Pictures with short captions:
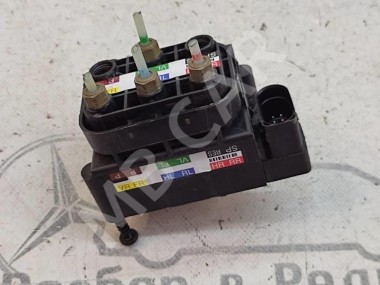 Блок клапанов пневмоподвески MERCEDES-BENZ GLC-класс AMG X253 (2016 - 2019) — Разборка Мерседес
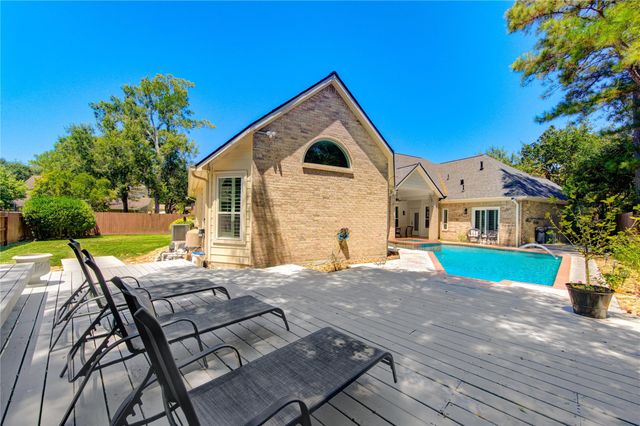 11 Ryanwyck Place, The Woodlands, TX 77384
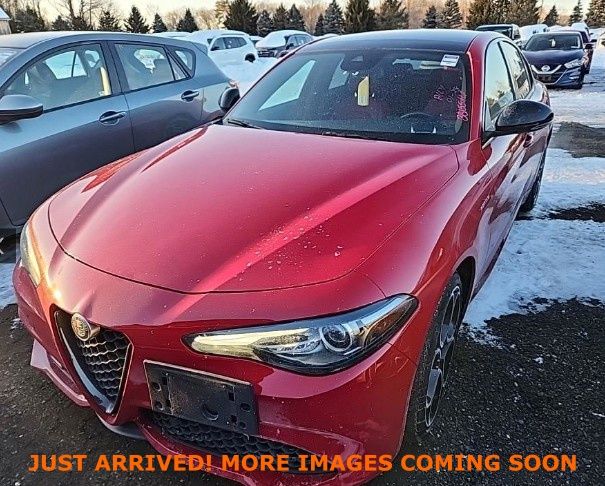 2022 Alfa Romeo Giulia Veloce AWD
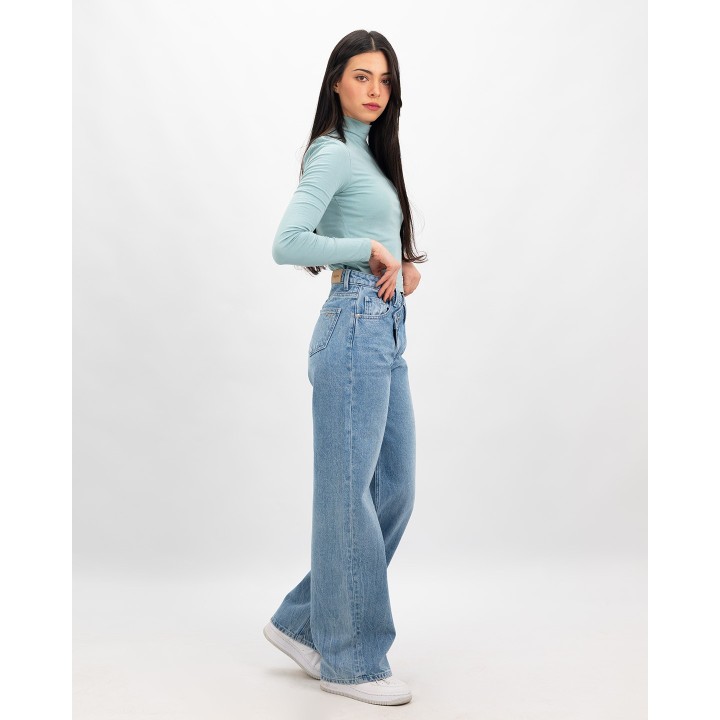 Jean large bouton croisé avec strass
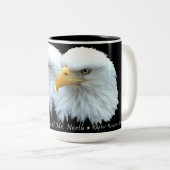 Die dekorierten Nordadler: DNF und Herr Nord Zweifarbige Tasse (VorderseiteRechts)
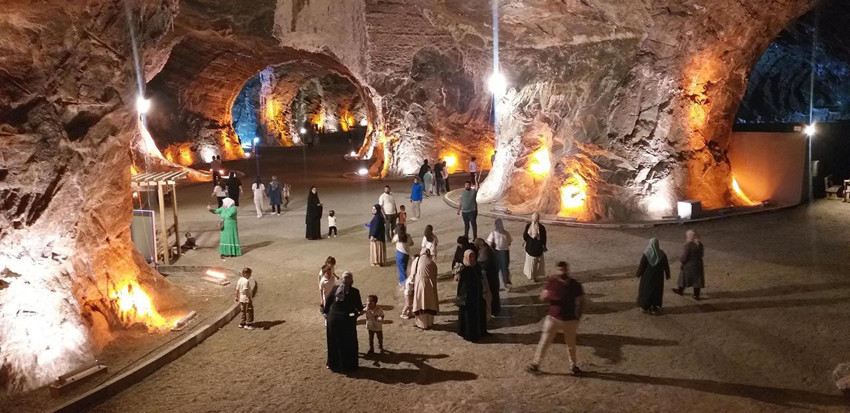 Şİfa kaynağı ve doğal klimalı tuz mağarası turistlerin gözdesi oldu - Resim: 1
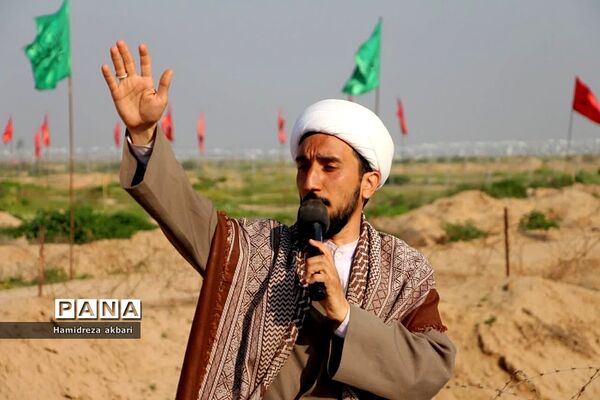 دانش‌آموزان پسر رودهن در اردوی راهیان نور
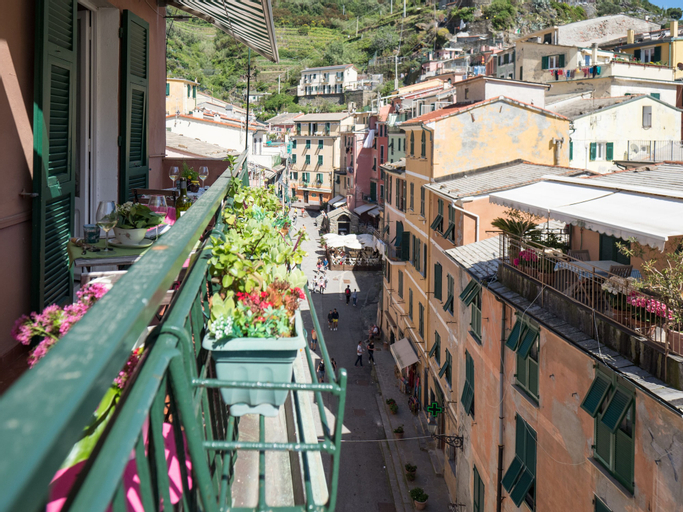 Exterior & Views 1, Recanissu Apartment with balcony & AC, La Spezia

Assignment =
Reproduce every record in full. Leave out the images.

Solution to this task =
 Блок клапанов пневмоподвески MERCEDES-BENZ GLC-класс AMG X253 (2016 - 2019) — Разборка Мерседес
 11 Ryanwyck Place, The Woodlands, TX 77384
 2022 Alfa Romeo Giulia Veloce AWD
 Jean large bouton croisé avec strass
 Die dekorierten Nordadler: DNF und Herr Nord Zweifarbige Tasse (VorderseiteRechts)
 Şİfa kaynağı ve doğal klimalı tuz mağarası turistlerin gözdesi oldu - Resim: 1
 دانش‌آموزان پسر رودهن در اردوی راهیان نور
 Exterior & Views 1, Recanissu Apartment with balcony & AC, La Spezia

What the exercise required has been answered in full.